By Linda White
Special to the Toronto Sun
Talking to students about the skilled trades before they hit high school is key to ensuring the door is open to all career paths, says a carpenter apprentice who entered the trades after completing university.
| LAURIE WARD
"There's a stigma that the best and brightest go to university or college and will automatically know what to do, while the rest can find something else," says Laurie Ward, an apprentice working with the City of Toronto.
Not the only door
She knew she was expected to go to university as early as Grade 8. "I went to university, but don't think it's the only door for our best and brightest students. There are a lot of opportunities in the trades to make a lot of money, to get up every morning and look forward to what you do," she says.
"I think kids who show an aptitude beyond the academics should also have the opportunity to go to a tech school and get their hands under a car hood and on tools to see if they like it ... It's important to know that every door is open if you want to try it."
Ward took that message to an Apprenticeship Awareness Day for Grade 7 and Grade 8 teachers hosted by the Toronto District School Board (TDSB) last fall. Event organizer Joe Hogan, a retired TDSB teacher, agrees.
"We know that 28% of Grade 9 students plan to go to university," he says. "Where do the rest go? We want teachers to learn about apprenticeship opportunities so they can educate students and provide information to parents. If a student comes to them and says they're interested in a career in hospitality, for instance, the teacher can help them find out how to plan for that."
| PAUL MCERLAIN
That plan could include the Ontario Youth Apprenticeship Program, a school-work transition program sponsored by the Ministry of Training, Colleges and Universities. Students begin training in a skilled trade while they're still in high school.
Teachers attending the conference received a resource package to help them expand their School Career Education Program and invited parents and students to attend a skilled trades careers showcase.
The event also included presentations from tradespeople who own their own business or train others. "They spoke about the kind of people they're looking for," Hogan says.
"One told teachers he asks to see a student's report card before he'll hire them. He wants to know about their attendance ... It was an 'ah ha - so you don't want the worst kid in my class' moment for teachers."

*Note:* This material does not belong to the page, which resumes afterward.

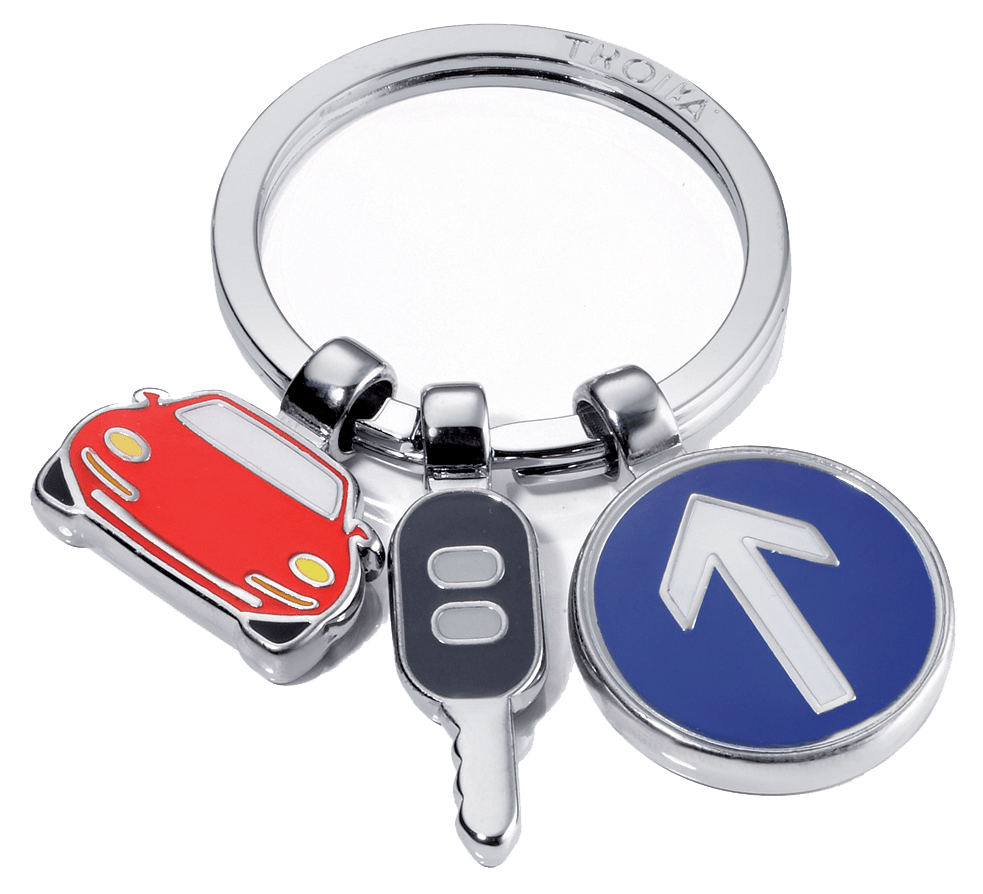 Road Sign Keychain Troika On the Road, Keychain with Road Trip Charms | Troikaus.com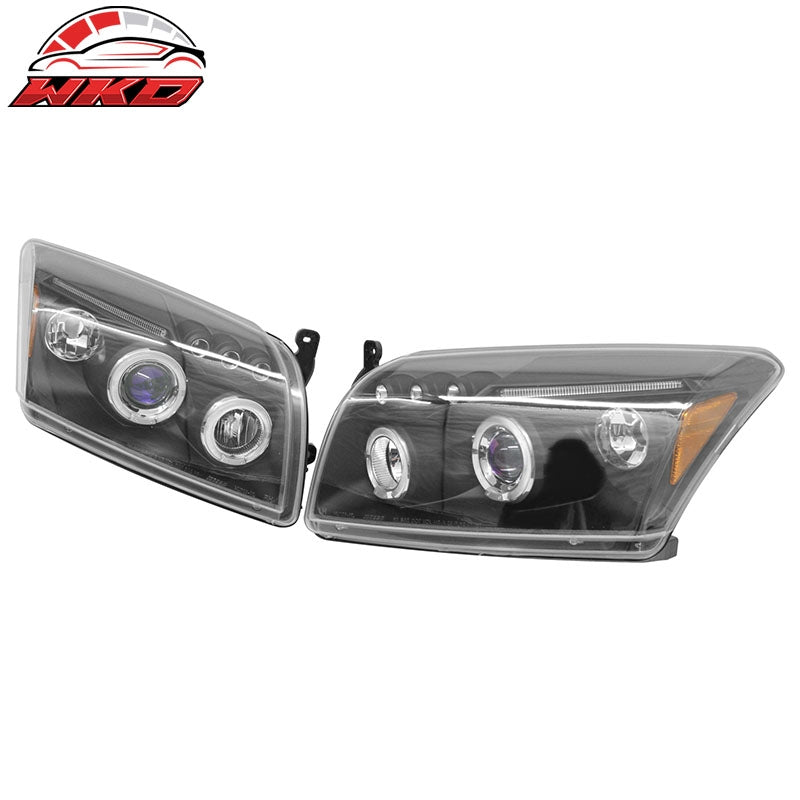 Fits 07-12 Dodge Caliber Headlights Head Lights W/Blue Projector Amber Reflector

Paul McErlain began a plumbing apprenticeship after graduating from Central Technical School. Speaking to teachers about the trades was rewarding for him. "You've got to get kids interested in something early, especially kids who don't like school ... If you know they like working with their hands, you can direct them to the right high school," he says.
"A lot of parents look down on the trades, but there are good benefits to working in the trades and lots of opportunities, such as owning your own business," McErlain says.
"It's never too late to get into the trades, but the earlier you get in, the sooner you can enjoy the benefits."